- Thursday, October 31, 2013

No government has taken as much sheer wealth from its citizens as the United States has done this year. The record-breaking $2.8 trillion federal haul represents $24,000 from every U.S. household. On average, that’s nearly half of each household’s total income. That would be enough for Croesus, the ancient king of Lydia famous in his day as the happiest and wealthiest man on earth. Croesus had it all. But Nancy Pelosi could teach him a thing or two about greed.

Mrs. Pelosi says she won’t negotiate spending cuts with Republicans unless she can squeeze more cash from American taxpayers. “Our position is that we’re going to the table in order to reduce the deficit, grow the economy, create jobs, end the sequester,” she told reporters Wednesday at her regular press gaggle. “Revenue needs to be on the table.” By signaling her desire to undo the grudging trimming of future spending increases as stipulated by the sequestration, Mrs. Pelosi reveals just how serious she isn’t about restoring sanity to the nation’s fiscal works.

The government’s budget rules perpetuate the expansion of spending and taxes. Tax increases go into effect immediately while spending cuts are pushed to the “out” years. “Out years” usually mean “never years.” In 1982, Congress cut a deal with President Reagan, promising to make $3 in spending cuts for every dollar he agreed to in tax increases. The “cuts” never happened, but the tax increases were very real. President George H.W. Bush was similarly snookered into abandoning his famous vow of “read my lips, no new taxes” in exchange for the grand bargain that cost him re-election, and sent the American economy into a tailspin.

House Speaker John A. Boehner has, so far, succeeded in holding the line against President Obama’s demands for more spending this year, but one of his key allies has signaled that the door is open for the government to further squeeze the taxpayer. Rep. Tom Cole of Oklahoma, a Republican budget negotiator, says pro-growth revenue-raising options are on the table.

Tea Party activists need not ready their pitchforks, as Mr. Cole is not a squish. “I would be willing to consider additional revenue achieved through pro-growth tax reform,” he says. “This would include measures such as the repatriation of stranded profits, additional revenue through expedited energy production on federal lands and offshore, and asset sales.

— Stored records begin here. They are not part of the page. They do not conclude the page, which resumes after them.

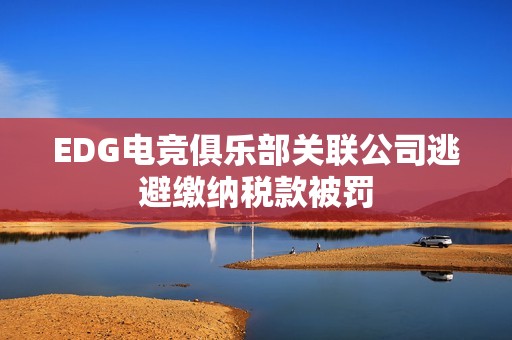EDG电竞俱乐部关联公司逃避缴纳税款被罚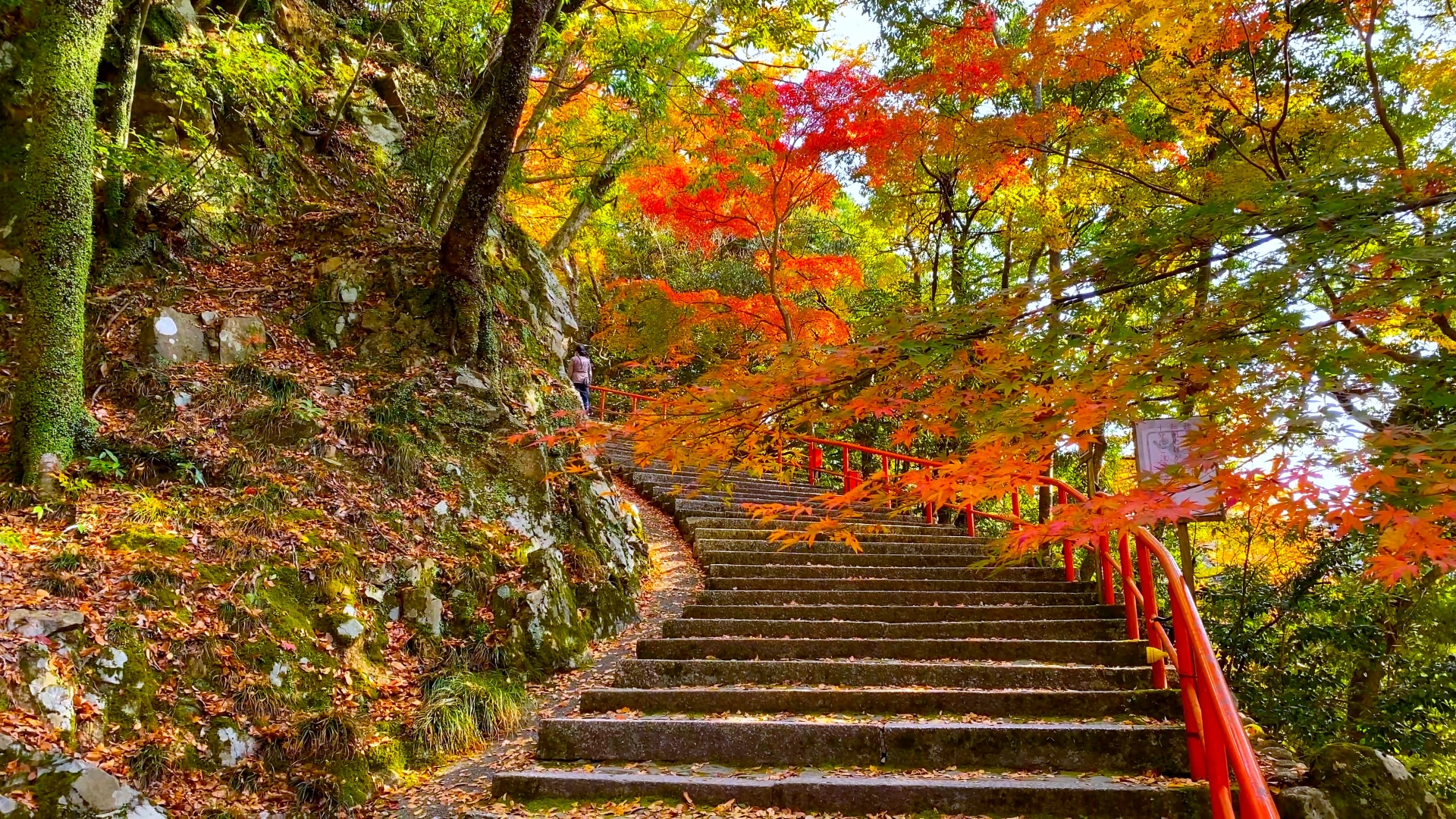 永源寺　石段紅葉画像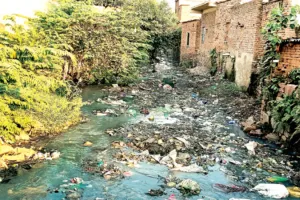 कोटा उत्तर वार्ड 14 - बदहाली: कचरे से अटा पड़ा नाला, सड़क पर खड़े होते ट्रैक्टरों से लगता जाम, रोशनी, बच्चों के लिए नहीं है खेलने का पार्क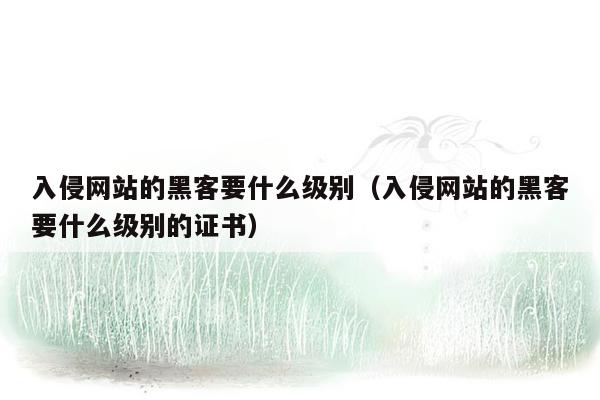 入侵网站的黑客要什么级别（入侵网站的黑客要什么级别的证书）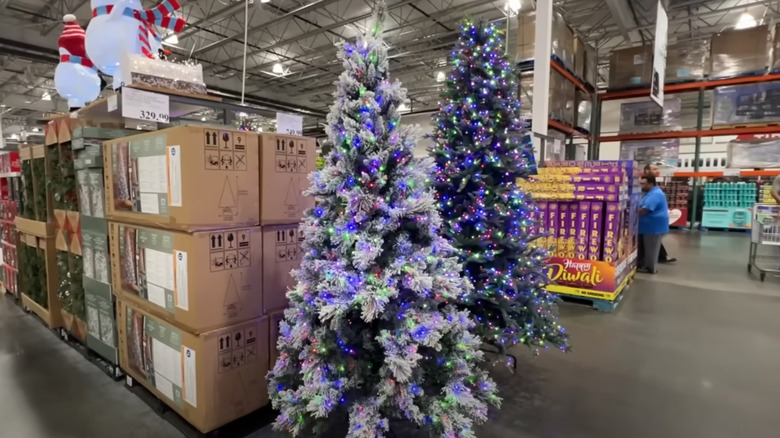 Illuminated artificial Christmas trees in Costco store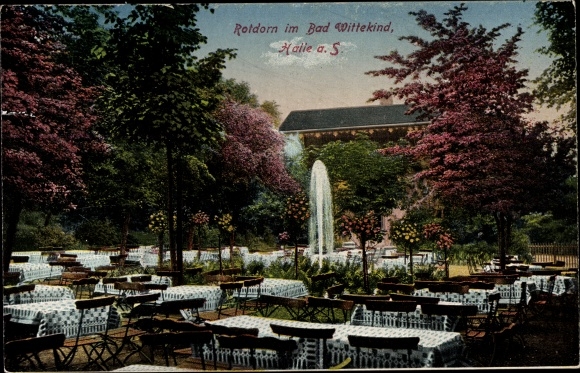 Postcard Halle an der Saale, hawthorn in Bad Wittekind, fountain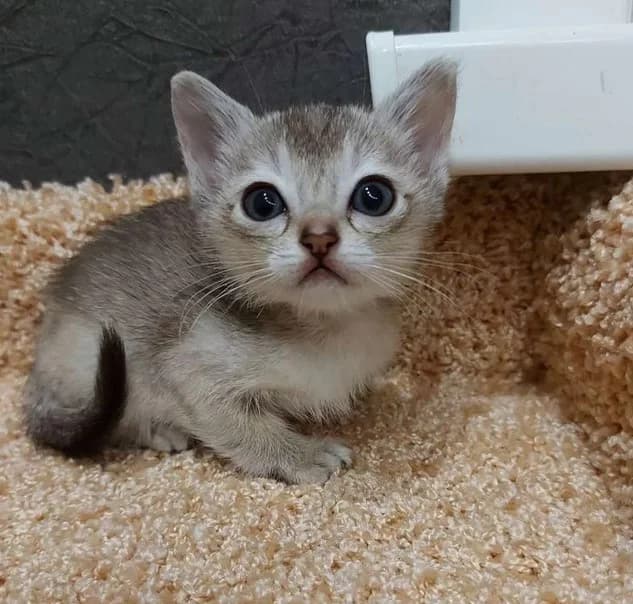 Singapurskie kotyatki (Сингапурские котятки), Mixed Breed (Kotyata Darom)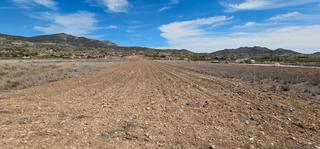 Residential Plot in Romana (la)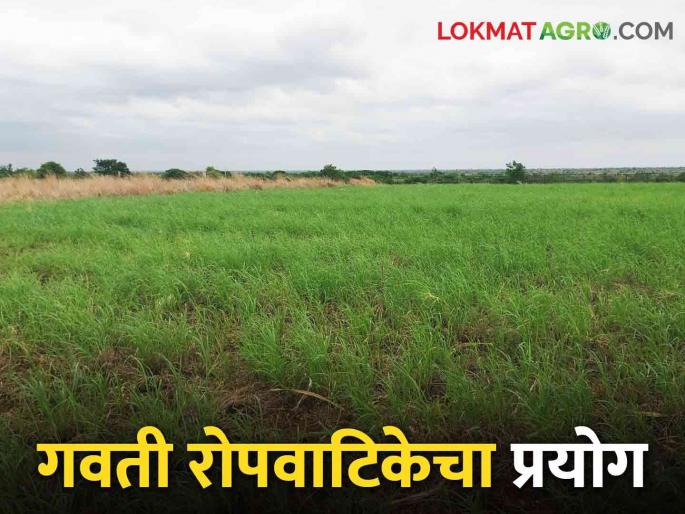 Latest News Yevla's first grass nursery in Maharashtra, various varieties of grass available | Grass Nursery : येवल्यात महाराष्ट्रामधील पहिली गवती रोपवाटिका, 'या' गवताच्या जाती उपलब्ध Latest News Yevla's first grass nursery in Maharashtra, various varieties of grass available | Grass Nursery : येवल्यात महाराष्ट्रामधील पहिली गवती रोपवाटिका, 'या' गवताच्या जाती उपलब्ध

None of these measures involve increasing taxes or tax rates, but all of them would yield additional revenue to the federal government.”

The government already takes too much, and every dollar put in the hands of Nancy Pelosi and Barack Obama is a dollar that’s not in the hands of those who earned it, such as an entrepreneur in the private sector who could use it to expand his business, hire new employees and offer new products to consumers. America needs the reform of taxes and an end to double-taxing of foreign profits, which encourages U.S. firms to leave $1 trillion sitting in offshore accounts. We need more oil production to cut dependence on the Middle East, once and for all.

A bargain could be struck from this to make everyone happy — Mrs. Pelosi gets her revenue, and Republicans get job-creating reform. Such a deal of course won’t fly. Mrs. Pelosi, Mr. Obama and the rest of the Democratic caucus don’t just want more revenue. They want the tax code to make a statement, to hit “the rich” with an ever-increasing burden, regardless of the impact on the economy. This is the transformation of America Mr. Obama promised. Democrats won’t compromise because their vision of the American dream puts Croesus in the poorhouse.